Records from a data source »
---+---
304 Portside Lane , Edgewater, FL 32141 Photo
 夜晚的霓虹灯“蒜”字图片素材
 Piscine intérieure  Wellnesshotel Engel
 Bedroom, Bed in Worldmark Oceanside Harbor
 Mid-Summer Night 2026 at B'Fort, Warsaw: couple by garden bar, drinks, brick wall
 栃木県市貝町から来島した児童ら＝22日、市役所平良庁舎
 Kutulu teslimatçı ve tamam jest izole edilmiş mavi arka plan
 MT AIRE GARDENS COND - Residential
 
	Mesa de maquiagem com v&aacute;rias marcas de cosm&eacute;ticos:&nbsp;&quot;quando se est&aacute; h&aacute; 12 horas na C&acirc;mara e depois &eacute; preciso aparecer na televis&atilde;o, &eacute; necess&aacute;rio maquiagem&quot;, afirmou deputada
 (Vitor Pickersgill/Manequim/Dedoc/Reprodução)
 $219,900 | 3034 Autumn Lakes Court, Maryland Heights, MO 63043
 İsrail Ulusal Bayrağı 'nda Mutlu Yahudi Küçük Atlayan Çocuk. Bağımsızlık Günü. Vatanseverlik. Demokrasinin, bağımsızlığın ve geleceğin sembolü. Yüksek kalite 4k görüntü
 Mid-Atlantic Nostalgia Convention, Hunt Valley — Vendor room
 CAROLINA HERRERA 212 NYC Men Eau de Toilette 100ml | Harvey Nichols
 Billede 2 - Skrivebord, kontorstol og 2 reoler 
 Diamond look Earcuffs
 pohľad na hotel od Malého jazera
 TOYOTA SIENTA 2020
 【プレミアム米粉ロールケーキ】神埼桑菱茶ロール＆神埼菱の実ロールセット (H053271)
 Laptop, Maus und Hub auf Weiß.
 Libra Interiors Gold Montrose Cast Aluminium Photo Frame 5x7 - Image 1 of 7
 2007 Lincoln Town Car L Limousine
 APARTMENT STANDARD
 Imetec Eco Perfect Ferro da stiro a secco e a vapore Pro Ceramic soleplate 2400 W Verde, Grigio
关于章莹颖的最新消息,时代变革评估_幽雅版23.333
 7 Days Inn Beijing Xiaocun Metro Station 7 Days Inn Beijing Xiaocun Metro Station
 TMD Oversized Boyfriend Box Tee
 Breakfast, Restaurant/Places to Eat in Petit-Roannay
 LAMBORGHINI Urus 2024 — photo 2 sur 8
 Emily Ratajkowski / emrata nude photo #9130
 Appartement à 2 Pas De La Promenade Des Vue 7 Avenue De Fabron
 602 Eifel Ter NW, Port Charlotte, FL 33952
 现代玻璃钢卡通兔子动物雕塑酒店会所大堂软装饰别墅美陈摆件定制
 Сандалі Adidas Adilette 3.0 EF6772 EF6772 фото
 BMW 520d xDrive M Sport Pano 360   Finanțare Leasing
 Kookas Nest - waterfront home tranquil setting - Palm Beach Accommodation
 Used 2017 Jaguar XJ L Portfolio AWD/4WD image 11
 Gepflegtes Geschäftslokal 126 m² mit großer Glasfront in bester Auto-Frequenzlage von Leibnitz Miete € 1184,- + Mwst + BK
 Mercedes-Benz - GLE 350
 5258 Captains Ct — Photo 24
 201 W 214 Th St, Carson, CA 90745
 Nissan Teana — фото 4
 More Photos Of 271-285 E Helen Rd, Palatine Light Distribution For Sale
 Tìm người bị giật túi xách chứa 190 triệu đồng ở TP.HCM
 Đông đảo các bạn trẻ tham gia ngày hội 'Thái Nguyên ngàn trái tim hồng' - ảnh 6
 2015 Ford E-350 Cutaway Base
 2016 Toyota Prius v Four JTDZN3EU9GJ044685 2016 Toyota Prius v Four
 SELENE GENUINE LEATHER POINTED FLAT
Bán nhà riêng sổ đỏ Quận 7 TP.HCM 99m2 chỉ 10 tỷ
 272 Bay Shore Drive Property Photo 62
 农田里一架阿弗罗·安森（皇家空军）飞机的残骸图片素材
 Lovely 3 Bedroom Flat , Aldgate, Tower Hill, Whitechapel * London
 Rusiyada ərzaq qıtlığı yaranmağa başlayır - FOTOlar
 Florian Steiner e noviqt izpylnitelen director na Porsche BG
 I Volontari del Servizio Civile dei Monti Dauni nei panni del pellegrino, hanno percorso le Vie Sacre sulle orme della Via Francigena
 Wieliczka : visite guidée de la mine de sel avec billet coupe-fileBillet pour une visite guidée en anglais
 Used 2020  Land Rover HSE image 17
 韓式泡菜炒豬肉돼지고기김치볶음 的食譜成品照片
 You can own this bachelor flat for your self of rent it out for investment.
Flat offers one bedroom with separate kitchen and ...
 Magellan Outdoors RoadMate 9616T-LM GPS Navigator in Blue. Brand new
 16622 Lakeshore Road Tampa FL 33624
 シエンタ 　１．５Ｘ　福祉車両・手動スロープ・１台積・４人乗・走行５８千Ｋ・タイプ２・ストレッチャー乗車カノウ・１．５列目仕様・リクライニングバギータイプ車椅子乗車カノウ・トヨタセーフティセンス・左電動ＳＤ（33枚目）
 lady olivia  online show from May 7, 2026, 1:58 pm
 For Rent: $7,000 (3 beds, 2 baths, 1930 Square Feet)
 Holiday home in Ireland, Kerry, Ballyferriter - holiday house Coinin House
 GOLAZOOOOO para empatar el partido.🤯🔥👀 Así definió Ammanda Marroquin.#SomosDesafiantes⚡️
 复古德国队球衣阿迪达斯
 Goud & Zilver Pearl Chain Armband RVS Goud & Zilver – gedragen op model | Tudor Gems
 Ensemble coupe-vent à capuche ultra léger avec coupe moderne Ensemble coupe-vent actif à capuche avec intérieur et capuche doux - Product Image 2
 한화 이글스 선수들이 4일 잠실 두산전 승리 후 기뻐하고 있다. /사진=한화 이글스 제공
---+---
Brief » In full and without alteration, reproduce the records above.

Answer section »
304 Portside Lane , Edgewater, FL 32141 Photo
 夜晚的霓虹灯“蒜”字图片素材
 Piscine intérieure  Wellnesshotel Engel
 Bedroom, Bed in Worldmark Oceanside Harbor
 Mid-Summer Night 2026 at B'Fort, Warsaw: couple by garden bar, drinks, brick wall
 栃木県市貝町から来島した児童ら＝22日、市役所平良庁舎
 Kutulu teslimatçı ve tamam jest izole edilmiş mavi arka plan
 MT AIRE GARDENS COND - Residential
 
	Mesa de maquiagem com v&aacute;rias marcas de cosm&eacute;ticos:&nbsp;&quot;quando se est&aacute; h&aacute; 12 horas na C&acirc;mara e depois &eacute; preciso aparecer na televis&atilde;o, &eacute; necess&aacute;rio maquiagem&quot;, afirmou deputada
 (Vitor Pickersgill/Manequim/Dedoc/Reprodução)
 $219,900 | 3034 Autumn Lakes Court, Maryland Heights, MO 63043
 İsrail Ulusal Bayrağı 'nda Mutlu Yahudi Küçük Atlayan Çocuk. Bağımsızlık Günü. Vatanseverlik. Demokrasinin, bağımsızlığın ve geleceğin sembolü. Yüksek kalite 4k görüntü
 Mid-Atlantic Nostalgia Convention, Hunt Valley — Vendor room
 CAROLINA HERRERA 212 NYC Men Eau de Toilette 100ml | Harvey Nichols
 Billede 2 - Skrivebord, kontorstol og 2 reoler 
 Diamond look Earcuffs
 pohľad na hotel od Malého jazera
 TOYOTA SIENTA 2020
 【プレミアム米粉ロールケーキ】神埼桑菱茶ロール＆神埼菱の実ロールセット (H053271)
 Laptop, Maus und Hub auf Weiß.
 Libra Interiors Gold Montrose Cast Aluminium Photo Frame 5x7 - Image 1 of 7
 2007 Lincoln Town Car L Limousine
 APARTMENT STANDARD
 Imetec Eco Perfect Ferro da stiro a secco e a vapore Pro Ceramic soleplate 2400 W Verde, Grigio
关于章莹颖的最新消息,时代变革评估_幽雅版23.333
 7 Days Inn Beijing Xiaocun Metro Station 7 Days Inn Beijing Xiaocun Metro Station
 TMD Oversized Boyfriend Box Tee
 Breakfast, Restaurant/Places to Eat in Petit-Roannay
 LAMBORGHINI Urus 2024 — photo 2 sur 8
 Emily Ratajkowski / emrata nude photo #9130
 Appartement à 2 Pas De La Promenade Des Vue 7 Avenue De Fabron
 602 Eifel Ter NW, Port Charlotte, FL 33952
 现代玻璃钢卡通兔子动物雕塑酒店会所大堂软装饰别墅美陈摆件定制
 Сандалі Adidas Adilette 3.0 EF6772 EF6772 фото
 BMW 520d xDrive M Sport Pano 360   Finanțare Leasing
 Kookas Nest - waterfront home tranquil setting - Palm Beach Accommodation
 Used 2017 Jaguar XJ L Portfolio AWD/4WD image 11
 Gepflegtes Geschäftslokal 126 m² mit großer Glasfront in bester Auto-Frequenzlage von Leibnitz Miete € 1184,- + Mwst + BK
 Mercedes-Benz - GLE 350
 5258 Captains Ct — Photo 24
 201 W 214 Th St, Carson, CA 90745
 Nissan Teana — фото 4
 More Photos Of 271-285 E Helen Rd, Palatine Light Distribution For Sale
 Tìm người bị giật túi xách chứa 190 triệu đồng ở TP.HCM
 Đông đảo các bạn trẻ tham gia ngày hội 'Thái Nguyên ngàn trái tim hồng' - ảnh 6
 2015 Ford E-350 Cutaway Base
 2016 Toyota Prius v Four JTDZN3EU9GJ044685 2016 Toyota Prius v Four
 SELENE GENUINE LEATHER POINTED FLAT
Bán nhà riêng sổ đỏ Quận 7 TP.HCM 99m2 chỉ 10 tỷ
 272 Bay Shore Drive Property Photo 62
 农田里一架阿弗罗·安森（皇家空军）飞机的残骸图片素材
 Lovely 3 Bedroom Flat , Aldgate, Tower Hill, Whitechapel * London
 Rusiyada ərzaq qıtlığı yaranmağa başlayır - FOTOlar
 Florian Steiner e noviqt izpylnitelen director na Porsche BG
 I Volontari del Servizio Civile dei Monti Dauni nei panni del pellegrino, hanno percorso le Vie Sacre sulle orme della Via Francigena
 Wieliczka : visite guidée de la mine de sel avec billet coupe-fileBillet pour une visite guidée en anglais
 Used 2020  Land Rover HSE image 17
 韓式泡菜炒豬肉돼지고기김치볶음 的食譜成品照片
 You can own this bachelor flat for your self of rent it out for investment.
Flat offers one bedroom with separate kitchen and ...
 Magellan Outdoors RoadMate 9616T-LM GPS Navigator in Blue. Brand new
 16622 Lakeshore Road Tampa FL 33624
 シエンタ 　１．５Ｘ　福祉車両・手動スロープ・１台積・４人乗・走行５８千Ｋ・タイプ２・ストレッチャー乗車カノウ・１．５列目仕様・リクライニングバギータイプ車椅子乗車カノウ・トヨタセーフティセンス・左電動ＳＤ（33枚目）
 lady olivia  online show from May 7, 2026, 1:58 pm
 For Rent: $7,000 (3 beds, 2 baths, 1930 Square Feet)
 Holiday home in Ireland, Kerry, Ballyferriter - holiday house Coinin House
 GOLAZOOOOO para empatar el partido.🤯🔥👀 Así definió Ammanda Marroquin.#SomosDesafiantes⚡️
 复古德国队球衣阿迪达斯
 Goud & Zilver Pearl Chain Armband RVS Goud & Zilver – gedragen op model | Tudor Gems
 Ensemble coupe-vent à capuche ultra léger avec coupe moderne Ensemble coupe-vent actif à capuche avec intérieur et capuche doux - Product Image 2
 한화 이글스 선수들이 4일 잠실 두산전 승리 후 기뻐하고 있다. /사진=한화 이글스 제공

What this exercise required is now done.